Privacy Pros Academy Standard Terms & Conditions
1. These terms apply to both our paid Programs and complimentary offerings, such as free training, webinars, podcasts, membership, resources and templates, with the exception of clauses related to payment. Whenever we mention ‘Program’ within these terms, it encompasses not only our paid programs but also our free training, webinars, podcasts, membership, resources and templates.

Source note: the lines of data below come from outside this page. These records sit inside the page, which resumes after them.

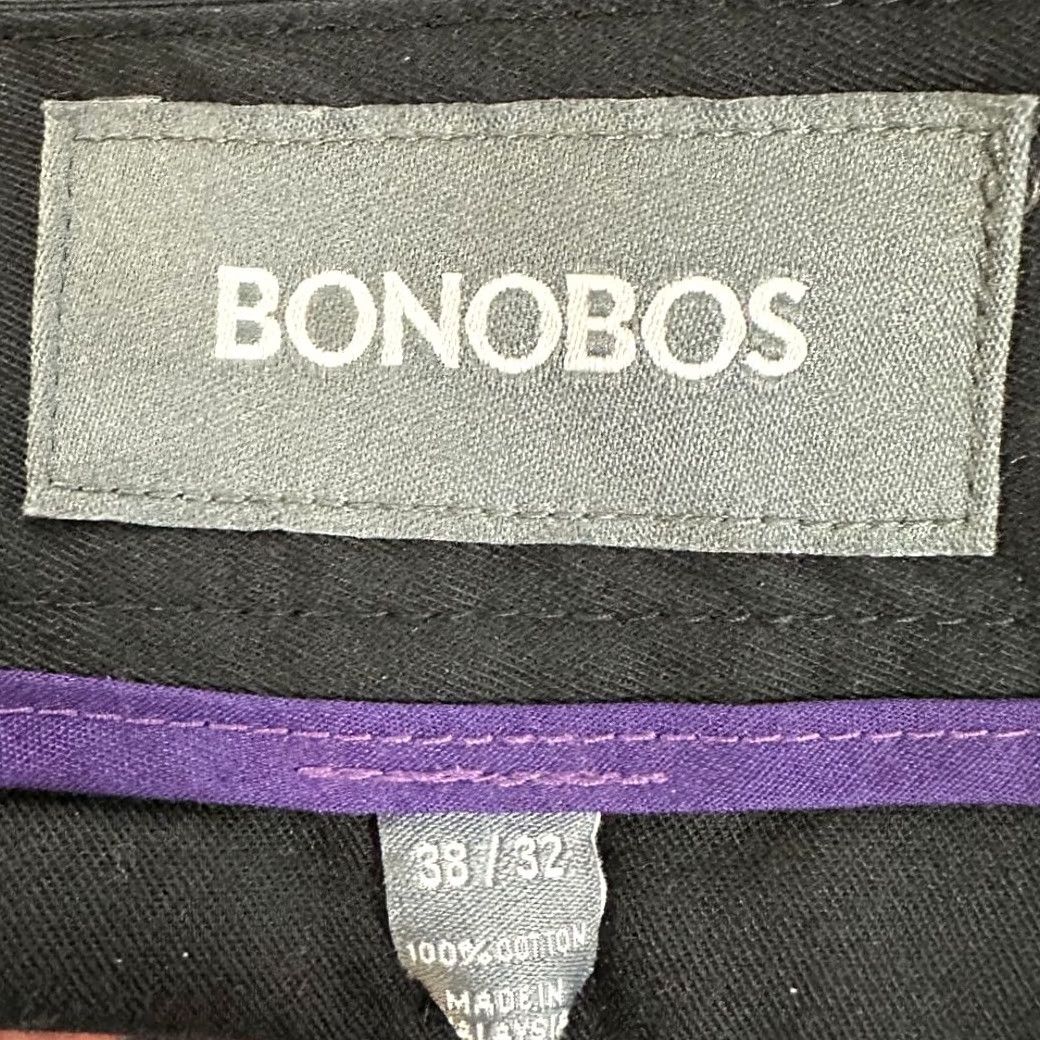 Bonobos Bonobos Khakis Pants Mens 38X32 Black 100% Cotton Chino Flat Front Straight Fit Pants Boys? Size US 38 / EU 54 - 3 Thumbnail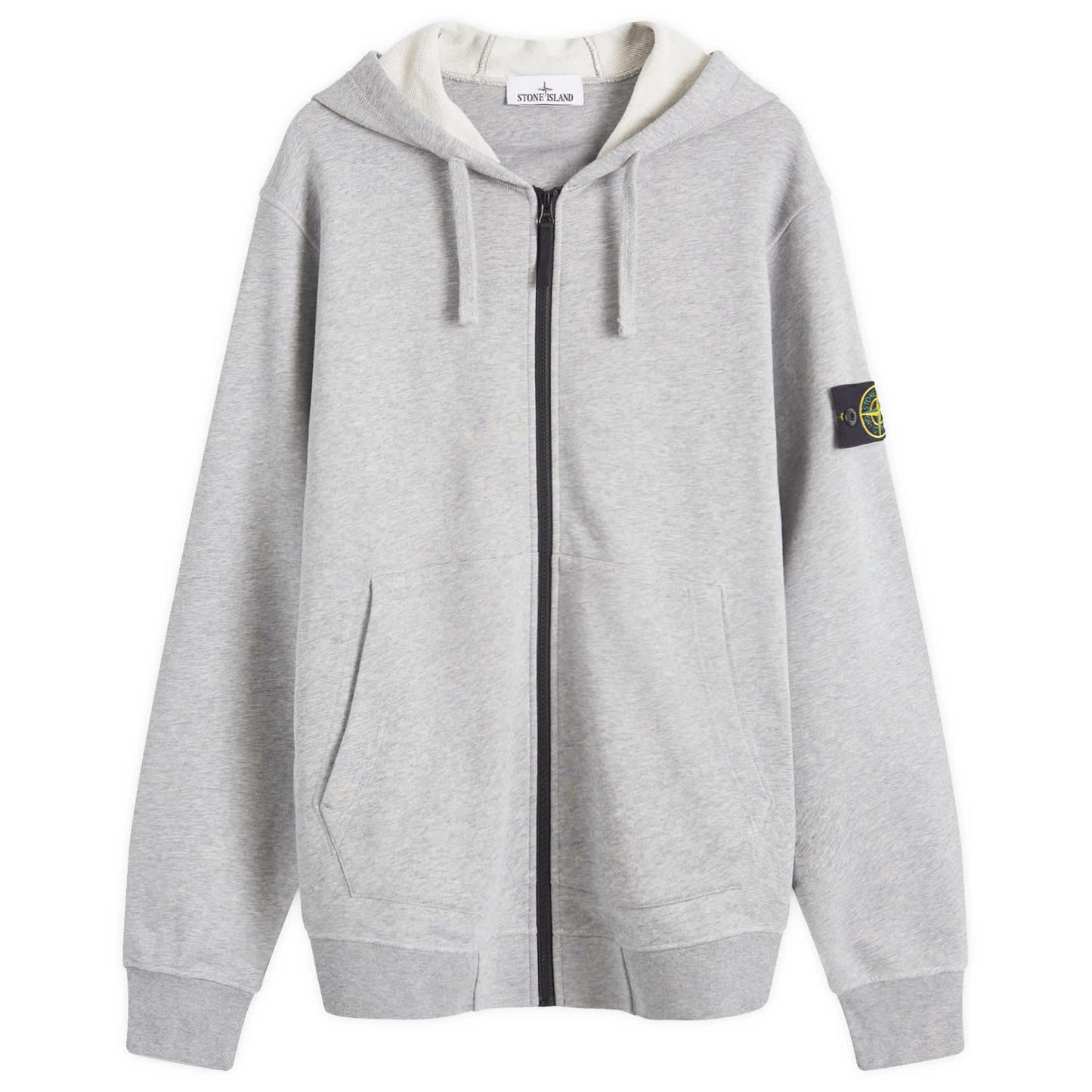 Cotton Fleece Garment Dyed Zip Hoodie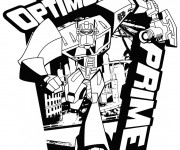 Coloriage Transformers Optimus Prime Logo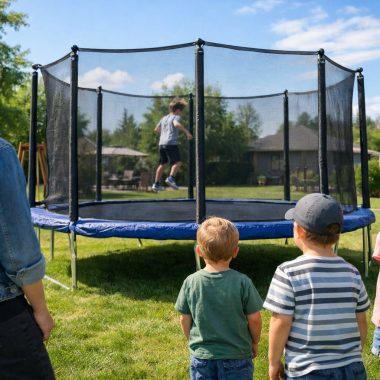 Cum stabilesc reguli clare de folosire a unei trambuline profesionale pentru copii de vârste diferite?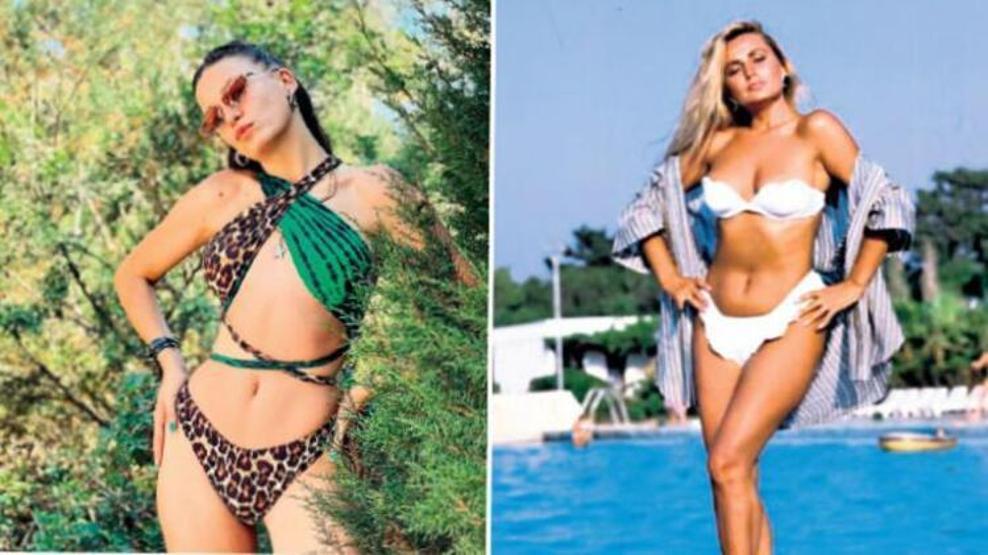Banu Alkanın beyaz bikinisiyle çekilmiş pozlarına beğeni yağdı: 10 tane Serenay Sarıkaya eder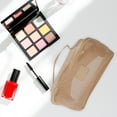 thumbnail image 4 of Unique Bargains 1 Pc Mesh Multifunctional Portable Makeup Bag Khaki Polyester, 4 of 6
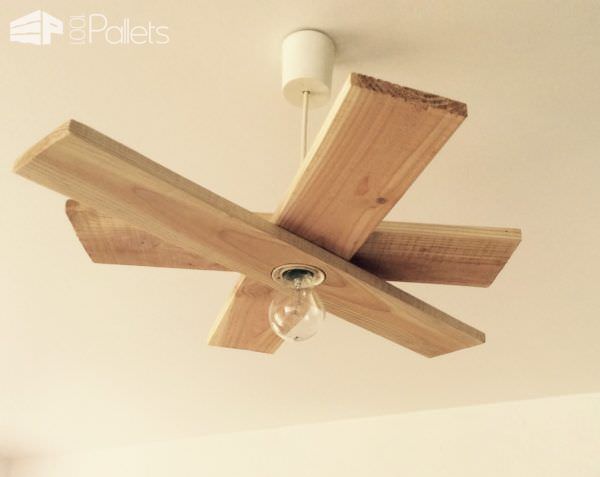 Abat Jour En Palettes / Suspended Pallet Lampshade Pallet Lamps & Lights Abat Jour En Palettes / Suspended Pallet Lampshade Pallet Lamps & Lights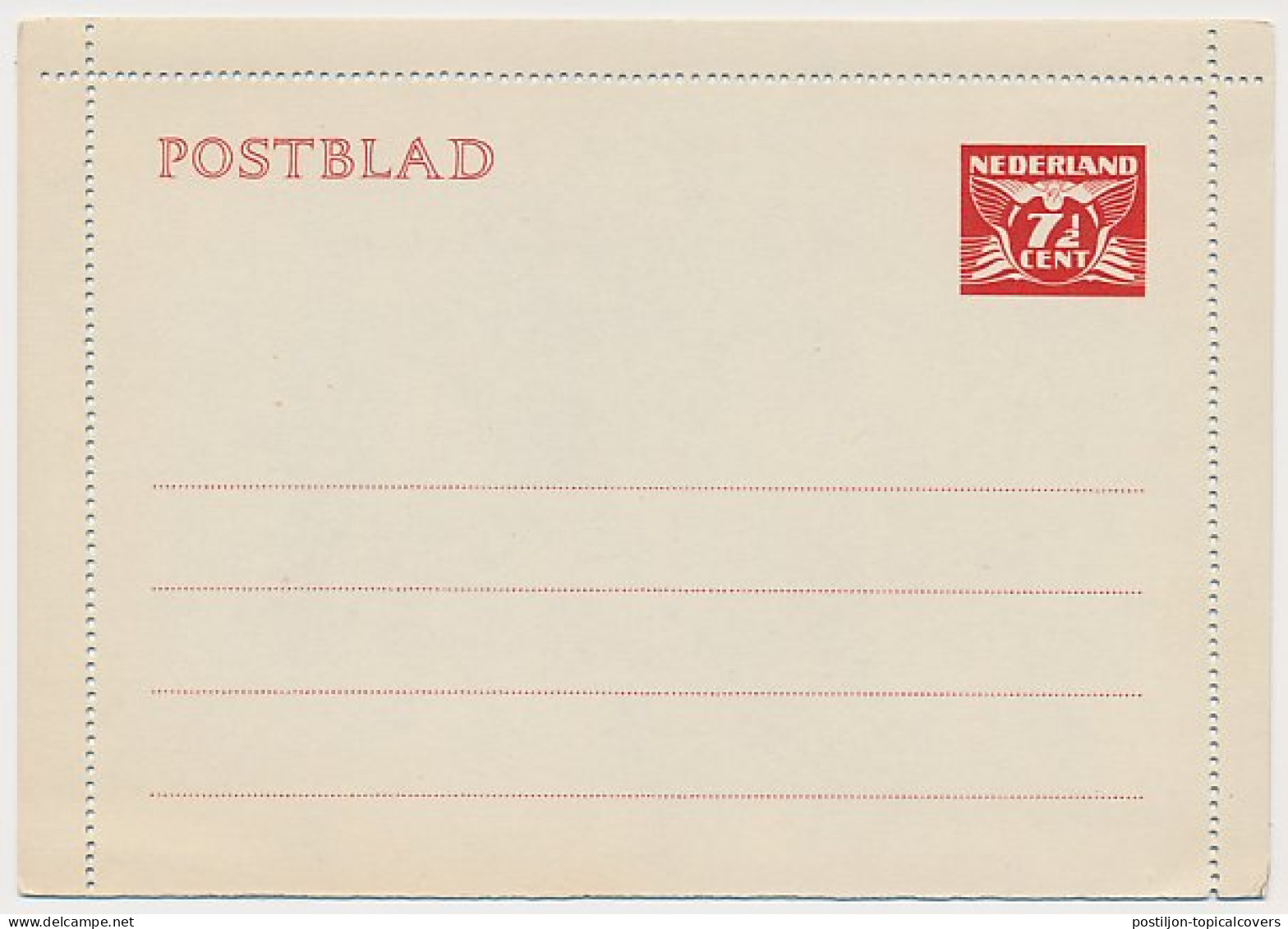 Postblad G. 22 - Postwaardestukken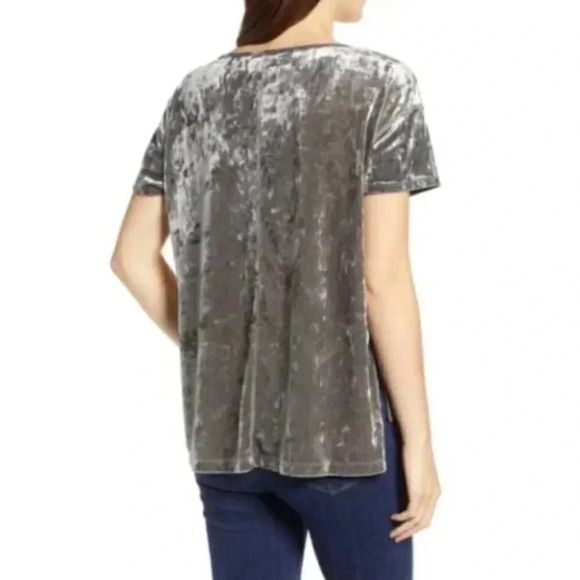 Rebecca Minkoff Alana Velvet High/Low Top - Picture 2 of 7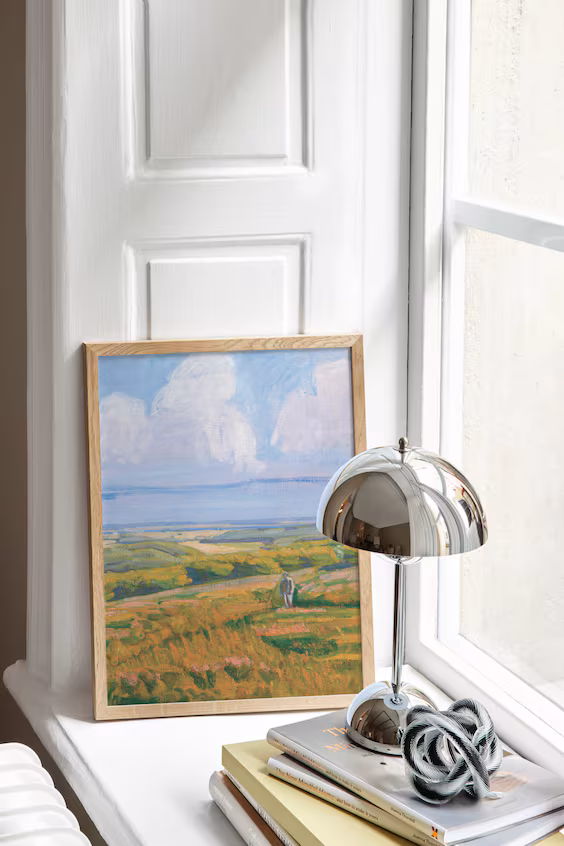 Постер прогулка по солнечным полям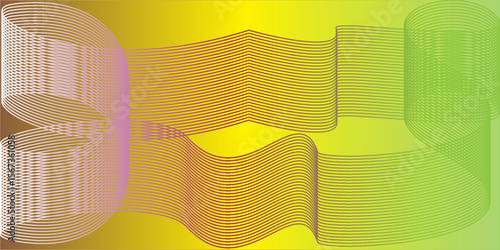 PrintAbstract background with waves for banner. Standart poster size. Vector background with lines. Element for design isolated on yellow. Pink and yellow gradient. Brochure, booklet. Summer, spring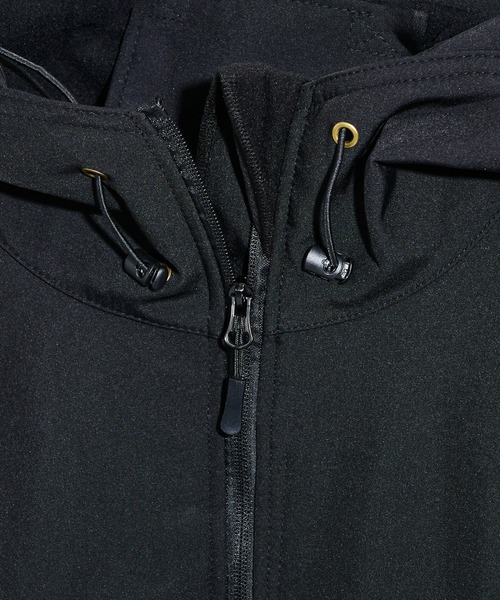 MILITARY(ミリタリー)の「【MAISON CLUB】Military Soft Hooded Jacket /ミリタリーソフトフーデッドジャケット KNF-YI(マウンテンパーカー・メンズ・ブラック/グレー/カーキ・XL/2XL)」の7枚目の写真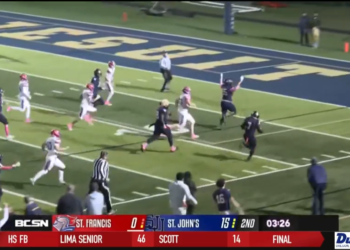 St. John’s Stomps Over St. Francis In 43-10 Holy War Win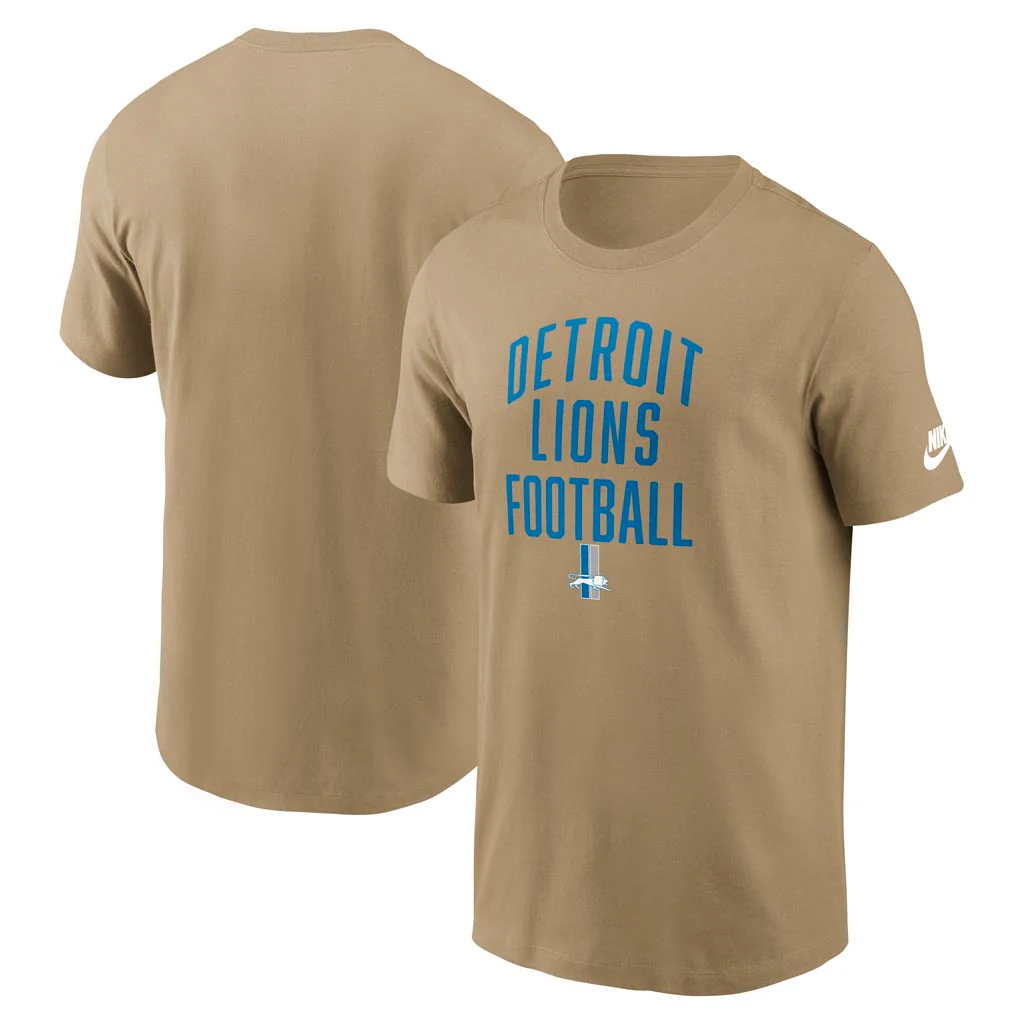 NFL Detroit Lions Nike Essential Rewind T-Shirt - Tan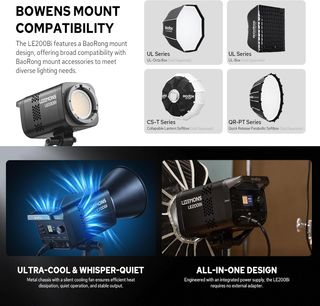 Godox LE200Bi Luz LED Video Soporte Bowens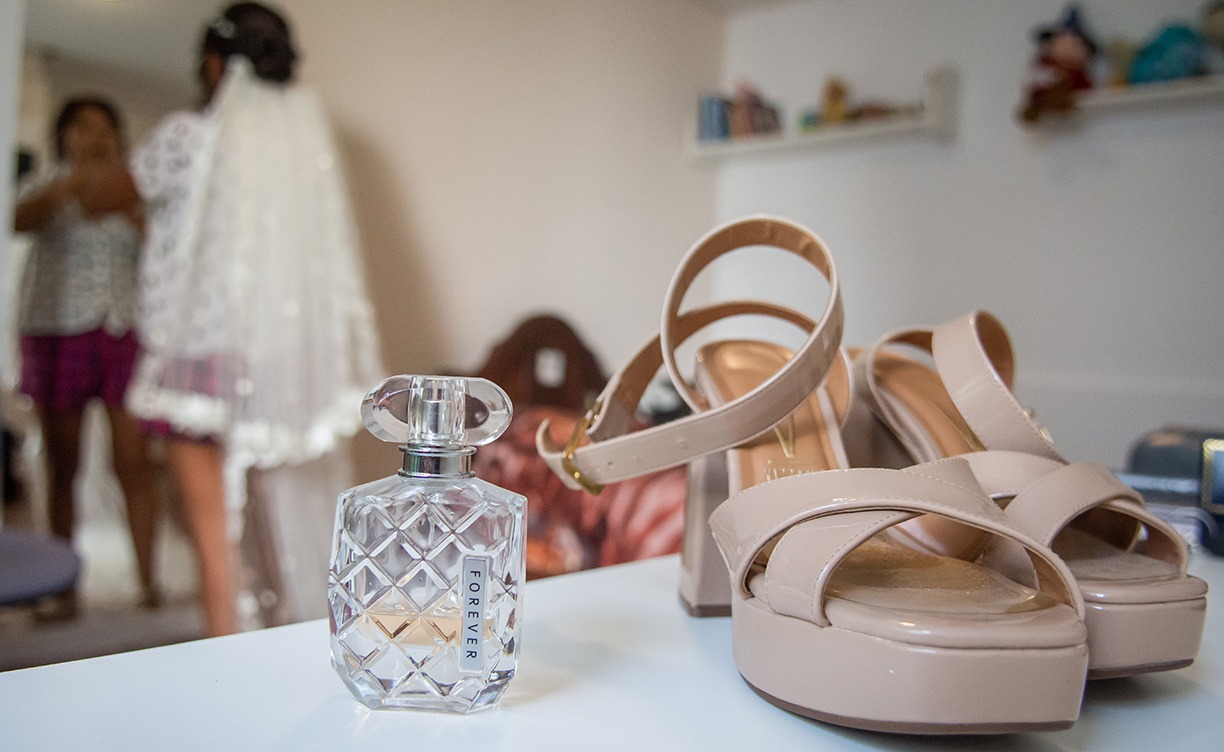 preparativos de la novia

2. Application of terms and conditions
2.1. These Terms apply to all materials and resources offered within our Privacy Pros Academy, including but not limited to the DPIA Mastery Program, the Privacy Pros Accelerator Program, the GDPR Mastery Program, the CIPP/E Mastery Program, and our various memberships such as the Privacy Pros membership and the Privacy Pros Mastermind membership. These Terms also cover any other programs, memberships, courses, and materials related to the Privacy Pros Academy or provided by Jamal Ahmed or his team at Kazient Limited, located at Aldgate Tower, 2 Leman Street, London, E1 8FA, United Kingdom (referred to as ‘we’ or ‘us’).
2.2 By registering to participate in or use our Program, you agree to the following Terms. These Terms take precedence over any conflicting terms or conditions found elsewhere or implied by law, trade custom, practice, or course of dealing. The agreement between us (referred to as ‘we’ or ‘us’) and you, the individual or entity registering to participate in the Program (‘you’), which is governed by these Terms (‘Contract’), begins upon your purchase of the Program and remains in effect until terminated in accordance with these Terms.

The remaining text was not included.